With her eye for texture, Kourtesis practically drops you into the middle of these gatherings—sometimes through field recordings culled directly from those scenes. But it’s her meticulous composition style that heightens the album’s sense of bounty. On the title track, gentle synths splash and scatter like thick sunshower drops on a windshield, vocal arpeggios loop into an angelic backing choir, and a door hinge creaks in distress. Kourtesis eventually sighs a tender and glowing refrain, introduced by the song’s crown jewel: a grainy, vintage sample of a nasal voice yelping a mysterious broken phrase, calling out from beyond. She treats the sample like it’s a torn-off corner of an old photograph: damaged and decontextualized, then reframed and reconsidered.

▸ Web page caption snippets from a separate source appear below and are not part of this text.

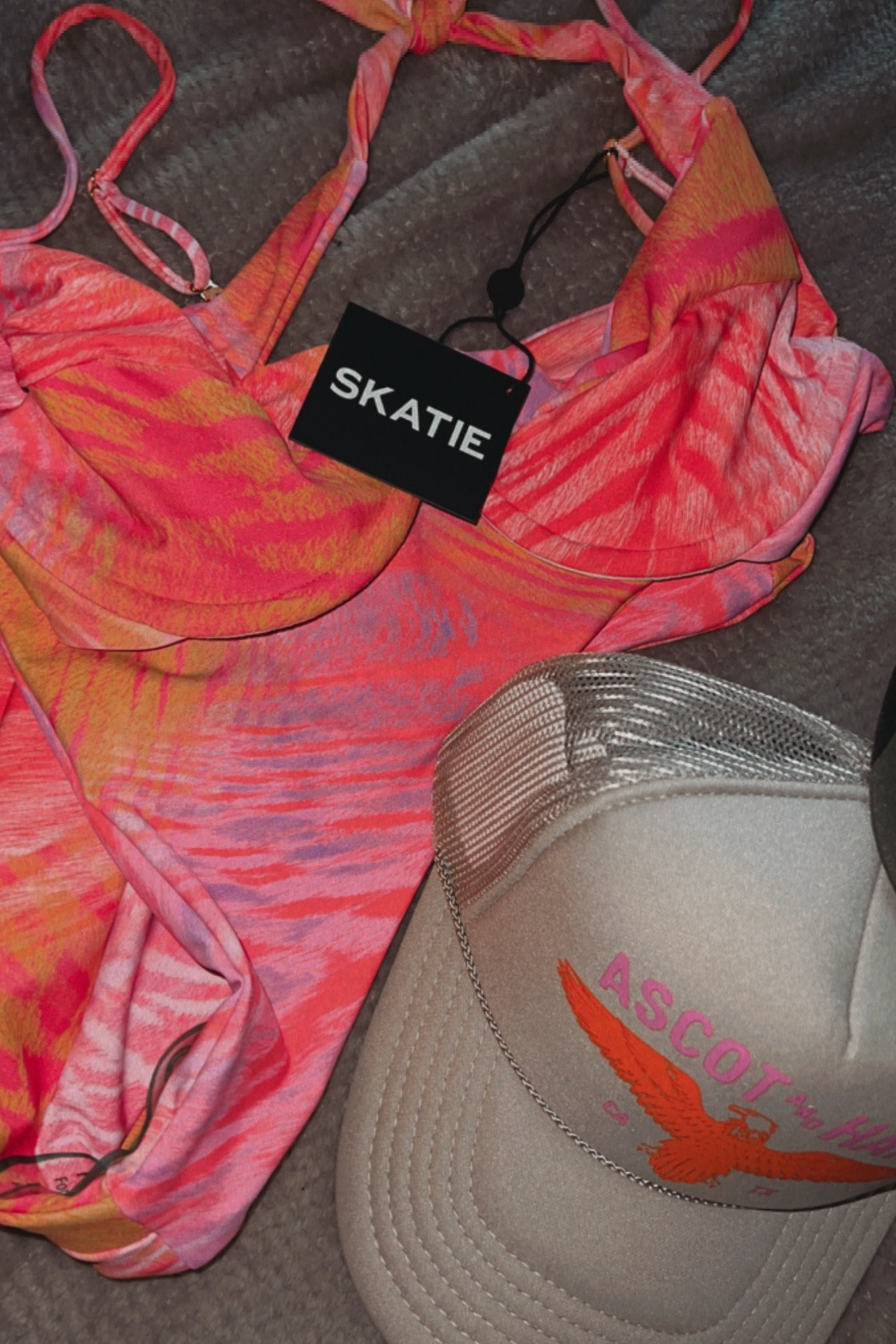almost time for swimsuits and sun 🌞 
•
•
•
skatie swimsuit | melly bottoms + kate top
ascot + hart trucker hat 

#LTKSeasonal #LTKswim #LTKstyletip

That approach pays off most of all on the clamorous protest track “Estación Esperanza,” which features her lifelong role model and the first musician she ever saw in concert, Manu Chao. When Kourtesis released “Estación Esperanza” as a single nearly two years ago, it illustrated her noisiest side, clanging like an old radiator warming up—and in the context of Madres, it’s ripping hot. Alongside chants from a Peruvian anti-homophobia protest, Kourtesis dices up and echoes a rhyme that Chao repeats throughout his 2001 album Próxima Estación: Esperanza. The line—“¿Qué horas son, mi corazón?”—could be interpreted as a parent asking a child for the time, or a personal mantra, or nifty nonsense. Chao named his album after its recurring sample of the Madrid metro intercom announcing Esperanza station; written out, the words appear to say “Next Station: Hope.” But Kourtesis takes a page from Chao’s book and spins the title into a rallying cry: Here, “Estación Esperanza” could be read as “Hope Season.” Her gift for pulling new meaning out of aged audio fragments is one of Madres’ foremost delights.